Emmanuel was born in Patras, Greece, the son of Charalambos Emmanuel and Katina (born Menounou). He studied at the Supreme School of Economic Commercial Sciences (today the Athens University of Economics and Business) from 1927 to 1932 and then at the School of Law of Athens University until 1934, from where he went on to work in commerce in Athens until 1937.

While his later works clearly identify him as a Marxist or communist of sorts, it is still uncertain when and under which circumstances he began considering himself as such. Publishing articles at least from 1928, an interest in Marxist philosophy is evidenced in a 1937 article on 'psychoanalysis as a global theory and dialectical materialism', and yet another on gold as an 'unwelcome immigrant' perhaps links to a long-standing concern with gold and the special economic role of the money commodity.

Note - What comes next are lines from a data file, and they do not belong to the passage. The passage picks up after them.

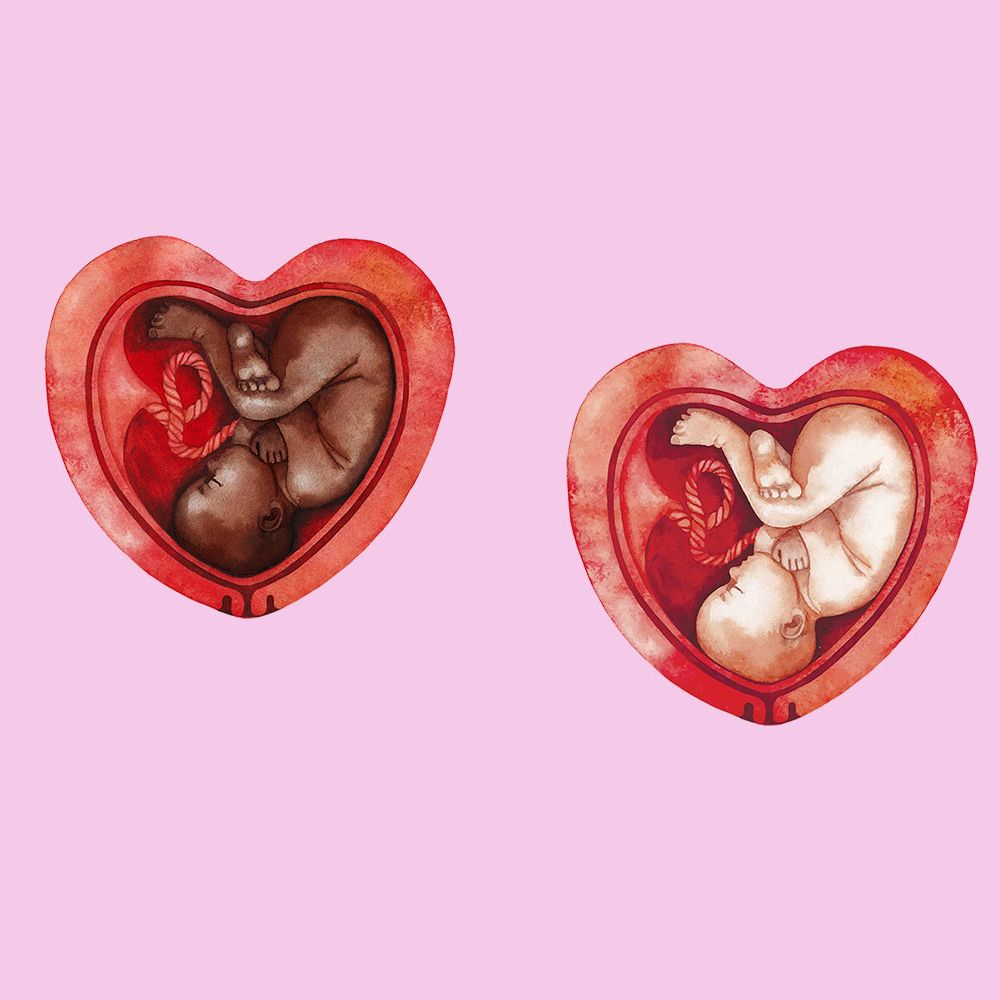 Heart-Shaped Uterus - What It Means And How To Tell If You Have One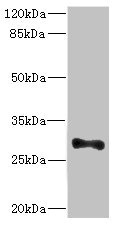 ICAM4 / CD242 Antibody - Western blot All Lanes: ICAM4 antibody at 4.98ug/ml+ Mouse brain tissue Goat polyclonal to rabbit at 1/10000 dilution Predicted band size: 30,26 kDa Observed band size: 29 kDa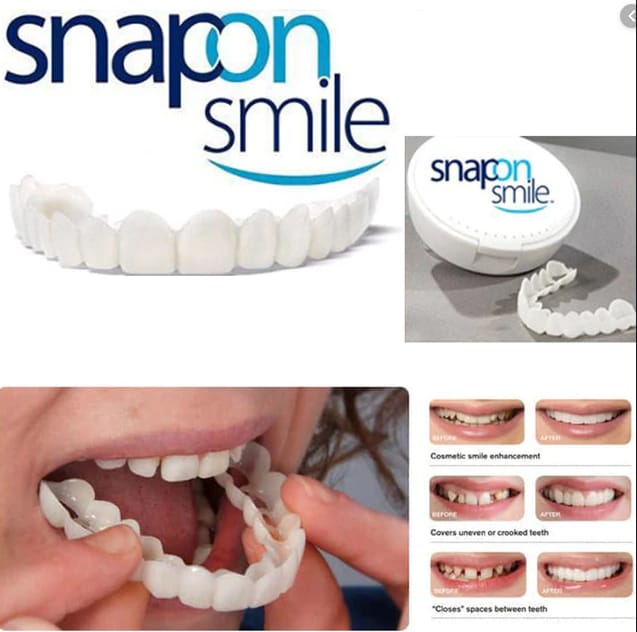 Silicone Imitation Braces Teeth Decoration Kits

No published record of membership in a communist party is familiar, but his later works identified him as a 'paleo-Marxist', both in the historical materialist sense and as a supporter of centralised economic planning, even on a global scale.

Changes in the American immigration policies closed the traditional Greek safety vault, and under the yoke of depression and General Metaxas's dictatorship (1936–1941), Emmanuel, in 1937, went to work in commerce in the Belgian Congo. In 1942, Emmanuel volunteered for the Greek Liberation Forces in the Middle East, and was active in the April 1944 left-wing uprising of the Middle Eastern forces against the Greek government-in-exile in Cairo. In fact, the uprising was not supported by EAM (National Liberation Front) and it was violently suppressed by British troops, with Emmanuel being sentenced to death by a Greek court-martial in Alexandria. The mutiny appears to have been directed more immediately against the return of the monarch, so that participation does not in itself suggest communist or Marxist leanings, rather than merely republican, although in Emmanuel's case this would seem probable.

By the end of 1945 he was pardoned and returned to the Belgian Congo, where there now had grown a small community of Greeks and Portuguese, in addition to the African and Belgian ones. Here, too, he participated in debates: on colonists and against the common accusation for illegitimate profits on behalf of colonial merchants (to whom Emmanuel and commonly other Greeks belonged). He may even have been in contact with the liberation movement to be organised around Lumumba in Stanleyville, but when the situation hardened in 1957, he departed for France. Observations from the Congos appear frequently in his writings and can probably help explain the peculiarity of his approach and its differences to common French Marxism. After some years as an art student, and in the context of the publication of Frantz Fanon's The Wretched of the Earth, Emmanuel began as a graduate student under Charles Bettelheim, the theme being his theory of unequal exchange which was first presented in 1961–1962.

While Bettelheim was certainly inspired by Paul A. Baran and Paul Sweezy, the same is not evident for Emmanuel. In addition, many other differences were visible from the start, such as Bettelheim's desire to make unequal exchange due to wage differentials a subcategory of unequal exchange due to differences in 'organic composition' (i.e. capital intensity), which was common enough to Marxist understanding and continues to be the focus of modern 'developments' of the theory of unequal exchange. This distinction was also the cause of some confusion when the theory was eventually debated in the Anglo-Saxon world in the 1970s (among non-Marxists, e.g., Paul Samuelson, David Evans).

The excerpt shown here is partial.